Побродив по лесочку да выбрав из валежника пару бревнышек посимпатичнее, да покрепче, колдун сложил из них традиционную сибирскую нодью, лето летом, а у реки ночи все равно были весьма зябкими, да принялся разбирать весьма объемную котомку, которую взял в пару к привычной своей видавшей виды наплечной кожаной сумке. Из недр ее на свет появились мешочек крупы, бронзовый котелок, и завернутый в коричневую оберточную бумагу кусок мяса, свернутое в рулон шерстяное одеяло и узел каких-то разноцветных тряпок.
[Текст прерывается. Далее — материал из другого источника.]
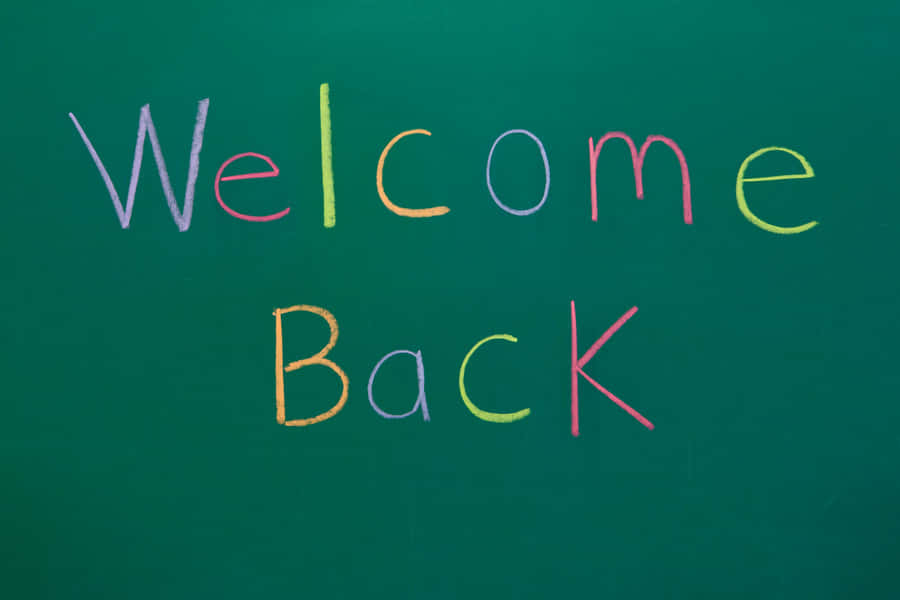 Welcome Back Chalkboard Message Wallpaper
Растопив костер он отправил на огонь котелок с кашей и мясом. Война, как говорится, войной, а обед по расписанию. А после, удобно устроившись на расстеленном одеяле, принялся потрошить узелок. В нем оказалась женская одежда. Разного фасона и степени поношенности, но неизменно цветастая и ярко украшенная, насколько только это было возможно для ее состояния да с большим тщанием и любовью заштопанная. Для городского бала, конечно, не годится, но вот на деревенские гулянки — запросто. Каждую тряпицу, а там были отдельно и юбки, и рубахи, и даже цельные платья, колдун расправлял и ощупывал, а потом прятал в швы по одной-две грубых иголки, которые вытаскивал из специального деревянного футляра на поясе.
Заняло это дело у него весь остаток дня и только уже почти под вечер, когда солнце своей пылающей короной коснулось верхушек он отвлекся от него, чтобы повечерять. Окончив, колдун по широкой спирали двинулся вокруг своего лагеря, то и дело, оставляя на земле или на ветках одежду, так, чтобы ее было хорошо и издалека было видно. А самое яркое платье — когда-то, судя по всему, изумрудно-зеленое, а нынче, скорее, болотное, но вышитое по всему краю изящным красным орнаментом, он положил у самой кромки воды, на пологом спуске с холма. Постояв на береге и посмотрев на уже скрывшуюся в тени реку некоторое время, он так и не заметил на ее беспокойной из-за быстрого течения поверхности ничего необычного и отправился в лагерь. Там же, устроившись у ровно горевшей нодьи, вытащил из внутреннего кармана затертую от постоянного использования, колоду атласных карт и принялся с увлечением раскладывать пасьянс.
Час проходил за часом. Солнце ушло на покой, его сменила луна, упорно и уверенно забиравшаяся все выше и выше. Отпелись и отправились на боковую вечерние птицы и вместо них заступили цикады, а Архип продолжал раскладывать один пасьянс за другим. Благо, таковых он знал неисчислимое множество и это занятие ему почти не надоедало. Ближе к полуночи его тренированный случай уловил плеск у воды. Не такой, какой издает упавший камень или выпрыгнувшая наружу рыба, а более объемный и какой-то долгий. Словно бы кто-то медленно и в высшей мере осторожно из этой самой реки выходит. Кивнув своим мыслям и поправив костер, колдун вытащил из сумки бутылку самого дешевого полугара и сделал оттуда солидный глоток, еще больше пролив на себя, и вернулся к прерванному занятию.
Тем временем шум со стороны реки изменился. Теперь оттуда доносилось очевидно различимое шуршание одеваемого платья. Архип криво ухмыльнулся и отпил второй глоток, закашлявшись от крепости напитка и облившись еще сильнее, чем в прошлый раз. Глаза его слегка заблестели, а руки, которыми он раскладывал карты, начали немного заметно подрагивать. Но, тем не менее, он не прервался ни когда в лесу отчетливо стали раздаваться легкие шаги, ни даже тогда, когда между деревьями стала мелькать белесая, еле различимая фигура. Казалось, карточные расклады полностью завладели его вниманием, даже к бутылке от прикладывался не глядя. И, видимо именно поэтому большая часть содержимого оказывалась не в его желудке, а на одежде. И тем не менее, прошло не менее часа, прежду, чем таинственная фигура, наконец, решилась выйти в круг света от уже основательно прогоревшего костра.
Колдун вздрогнул и подскочил, перевернув остатки бутылки:
— Твою ж, налево, — возмутился он, остекленевшими спьяну глазами уставившись на гостью. А ей оказалась бледнокожая девушка. — Ты кто такая, девка, и чего тута забыла?
Девушка была красива до одури. Наверное, окажись она сейчас в Крапивине, да в компании с Архиповой ученицей — татаркой Айрат, то у особо впечатлительных деревенских парней могли и сердца поразрываться от такой невероятной концентрации женской красоты в одном месте. Хотя, на самом деле, как раз на татарку-то ночная гостья вовсе похожа и не была. Там, где Айрат была чернявой, живой и энергичной, эта была русоволосой с водянистыми практически прозрачными серыми глазами, кожей бледной, словно лунный свет и тонкими почти аристократическими чертами.